La recherche des AAN se fait en immunofluorescence indirecte (IFI) sur des lames où sont fixées des cellules tumorales humaines en culture (cellules HEp-2) dont le noyau contient l’essentiel du répertoire des antigènes nucléaires humains.

Des dilutions progressives du sérum du malade déterminent le titre de l’anticorps.

La valeur seuil habituellement retenue est de 1/80.

L’IFI nécessite une lecture au microscope à fluorescence. Elle est rendue plus facile par des automates de préparation des lames qui réalisent les incubations, les lavages, et la dilution des échantillons.

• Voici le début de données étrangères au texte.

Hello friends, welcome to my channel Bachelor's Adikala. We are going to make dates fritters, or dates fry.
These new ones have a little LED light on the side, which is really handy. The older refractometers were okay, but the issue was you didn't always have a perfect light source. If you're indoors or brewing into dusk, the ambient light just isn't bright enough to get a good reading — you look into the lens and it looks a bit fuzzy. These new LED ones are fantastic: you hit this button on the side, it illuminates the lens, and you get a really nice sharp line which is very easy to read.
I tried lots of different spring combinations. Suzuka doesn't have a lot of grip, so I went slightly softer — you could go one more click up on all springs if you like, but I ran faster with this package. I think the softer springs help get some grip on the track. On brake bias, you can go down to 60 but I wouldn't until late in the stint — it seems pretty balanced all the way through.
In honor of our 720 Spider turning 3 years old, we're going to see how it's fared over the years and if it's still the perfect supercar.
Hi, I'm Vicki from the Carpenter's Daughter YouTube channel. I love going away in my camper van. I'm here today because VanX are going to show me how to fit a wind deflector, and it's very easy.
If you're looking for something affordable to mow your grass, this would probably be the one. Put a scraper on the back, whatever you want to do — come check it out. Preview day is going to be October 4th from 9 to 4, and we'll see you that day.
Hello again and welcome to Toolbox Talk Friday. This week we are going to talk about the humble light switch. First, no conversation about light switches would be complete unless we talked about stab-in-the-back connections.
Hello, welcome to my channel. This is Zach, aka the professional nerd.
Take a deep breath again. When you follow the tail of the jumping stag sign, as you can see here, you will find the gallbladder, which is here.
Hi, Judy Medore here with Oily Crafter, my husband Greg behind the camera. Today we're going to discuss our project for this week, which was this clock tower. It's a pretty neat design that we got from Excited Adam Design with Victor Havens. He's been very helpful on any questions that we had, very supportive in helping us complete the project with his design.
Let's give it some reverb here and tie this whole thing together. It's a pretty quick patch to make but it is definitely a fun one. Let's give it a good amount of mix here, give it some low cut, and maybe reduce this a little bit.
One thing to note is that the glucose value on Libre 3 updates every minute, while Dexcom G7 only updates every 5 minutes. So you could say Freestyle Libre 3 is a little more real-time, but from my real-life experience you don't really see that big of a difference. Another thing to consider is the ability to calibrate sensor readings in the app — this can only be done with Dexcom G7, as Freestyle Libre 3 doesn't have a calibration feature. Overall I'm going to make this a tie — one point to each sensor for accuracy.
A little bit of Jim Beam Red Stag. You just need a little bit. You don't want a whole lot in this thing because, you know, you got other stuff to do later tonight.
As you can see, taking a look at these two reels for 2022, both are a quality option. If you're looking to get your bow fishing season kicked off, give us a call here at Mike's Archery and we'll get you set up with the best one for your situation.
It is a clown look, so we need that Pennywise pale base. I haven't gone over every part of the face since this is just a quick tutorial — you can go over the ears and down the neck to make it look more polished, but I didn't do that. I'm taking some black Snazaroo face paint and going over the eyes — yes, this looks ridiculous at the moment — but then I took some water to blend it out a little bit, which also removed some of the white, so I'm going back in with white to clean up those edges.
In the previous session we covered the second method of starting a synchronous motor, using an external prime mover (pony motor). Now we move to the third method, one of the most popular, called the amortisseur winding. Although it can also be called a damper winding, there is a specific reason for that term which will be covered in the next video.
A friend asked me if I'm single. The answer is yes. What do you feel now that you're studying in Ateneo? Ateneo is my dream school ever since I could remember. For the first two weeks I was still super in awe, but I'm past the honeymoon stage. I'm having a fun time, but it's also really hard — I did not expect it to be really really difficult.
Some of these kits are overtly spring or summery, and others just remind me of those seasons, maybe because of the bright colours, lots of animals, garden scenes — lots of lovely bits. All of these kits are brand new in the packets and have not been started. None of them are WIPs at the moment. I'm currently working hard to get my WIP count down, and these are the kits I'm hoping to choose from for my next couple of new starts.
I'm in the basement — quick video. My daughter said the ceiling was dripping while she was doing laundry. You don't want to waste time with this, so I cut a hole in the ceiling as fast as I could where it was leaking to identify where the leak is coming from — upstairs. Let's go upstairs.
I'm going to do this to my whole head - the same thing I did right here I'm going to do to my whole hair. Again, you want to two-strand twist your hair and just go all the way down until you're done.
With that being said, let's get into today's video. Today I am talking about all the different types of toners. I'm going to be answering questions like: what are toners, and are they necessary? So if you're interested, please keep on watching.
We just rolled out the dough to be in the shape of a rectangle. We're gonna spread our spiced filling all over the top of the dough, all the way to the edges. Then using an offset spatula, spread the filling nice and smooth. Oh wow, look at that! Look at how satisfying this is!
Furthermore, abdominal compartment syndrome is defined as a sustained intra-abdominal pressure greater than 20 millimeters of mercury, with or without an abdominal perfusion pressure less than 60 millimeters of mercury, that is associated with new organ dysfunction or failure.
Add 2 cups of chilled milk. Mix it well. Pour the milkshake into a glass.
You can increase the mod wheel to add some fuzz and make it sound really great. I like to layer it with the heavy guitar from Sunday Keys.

La fluorescence obtenue a un aspect différent selon la nature des antigènes nucléaires reconnus en fonction de leur répartition dans le noyau qui diffère de l’un à l’autre. Bien qu’il soit examinateur-dépendant, cet aspect est précisé dans le résultat : fluorescence périphérique (Ac anti-ADN natifs), homogène ou mouchetée (Ac anti-ENA), nucléolaire (Ac anti-ARN).

Identification des anticorps

En cas de recherche positive, le type des anticorps est précisé par des tests spécifiques.

Anticorps anti-ADN natif

Le sérum de 90 % des patients atteints deLED contient des anticorps antinucléaires à un titre supérieur à 1/160 en IF. La fluorescence est homogène.

Anticorps antiantigènes solubles (anticorps anti-ENA)

Les anticorps dirigés contre les antigènes nucléaires solubles (ou ENA pour Extractible Nuclear Antigen) reconnaissent des composés solubles du noyau. Leur nomenclature, très hétérogène, repose tantôt sur l’antigènecontre lequel ils sont dirigés : anticorps anti-RNP  (antiribonucléoprotéines), tantôt sur la maladie à laquelle ils sont associés : anticorps anti-SS-A ou anti-SS-B, tantôt sur le nom du patient qui a permis de les décrire : anticorps anti-Sm.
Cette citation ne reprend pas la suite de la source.